Write each line out exactly, from the one containing "MSI B760 GAMING" through the final line of the data, and keep pictures out of the copy.

• Collected data:

++++++

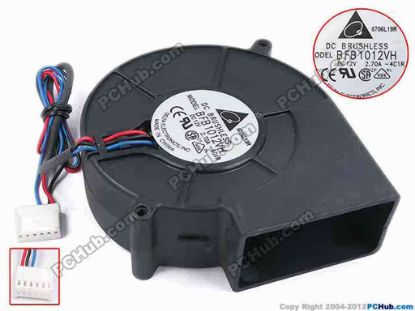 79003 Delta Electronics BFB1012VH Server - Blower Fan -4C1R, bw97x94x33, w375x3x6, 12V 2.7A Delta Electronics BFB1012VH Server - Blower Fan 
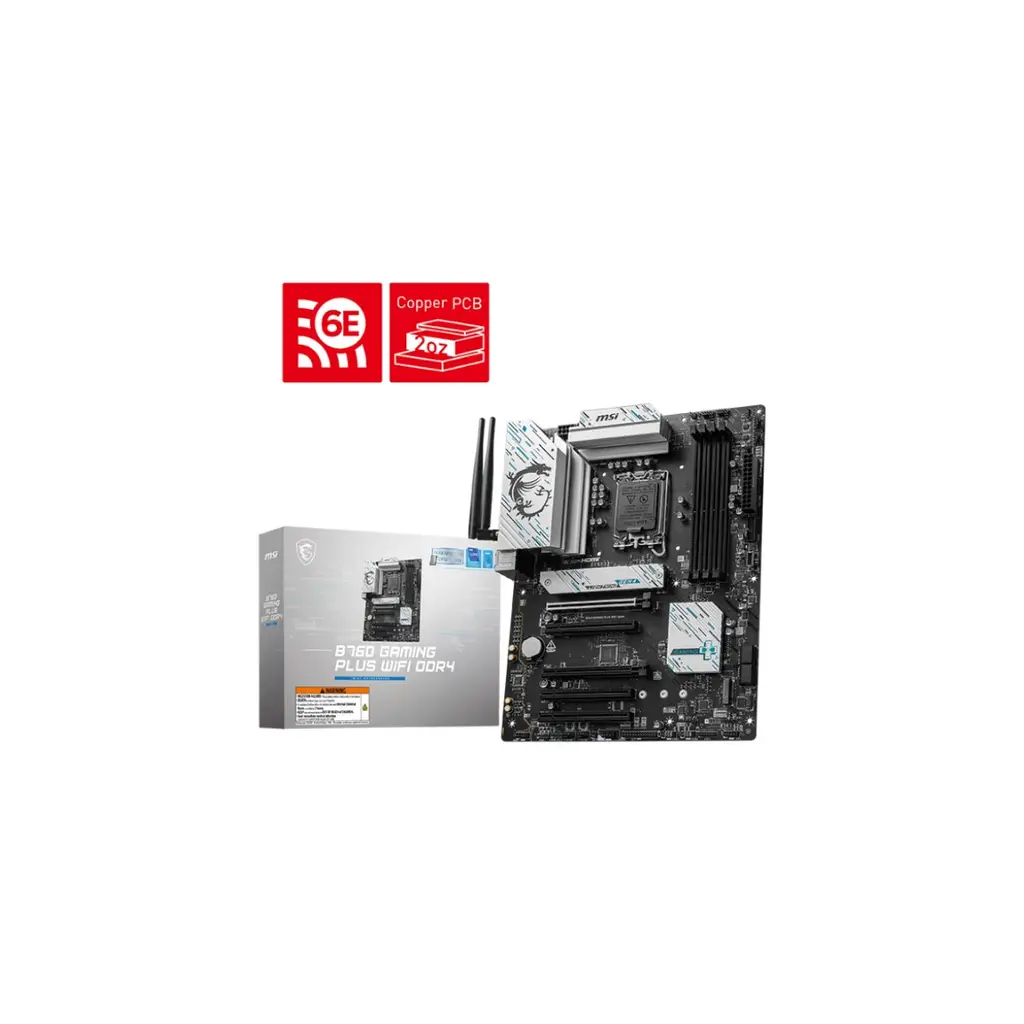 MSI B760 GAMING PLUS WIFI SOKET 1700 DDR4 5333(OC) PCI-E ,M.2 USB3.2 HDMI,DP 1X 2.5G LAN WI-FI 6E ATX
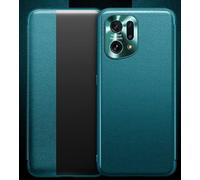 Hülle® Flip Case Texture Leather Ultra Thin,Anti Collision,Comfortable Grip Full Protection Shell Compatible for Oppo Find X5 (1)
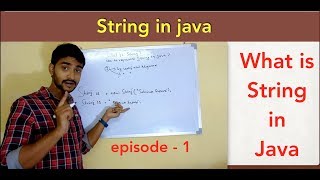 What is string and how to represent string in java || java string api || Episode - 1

++++++

• Solution for this exercise:
 MSI B760 GAMING PLUS WIFI SOKET 1700 DDR4 5333(OC) PCI-E ,M.2 USB3.2 HDMI,DP 1X 2.5G LAN WI-FI 6E ATX
 Hülle® Flip Case Texture Leather Ultra Thin,Anti Collision,Comfortable Grip Full Protection Shell Compatible for Oppo Find X5 (1)
 What is string and how to represent string in java || java string api || Episode - 1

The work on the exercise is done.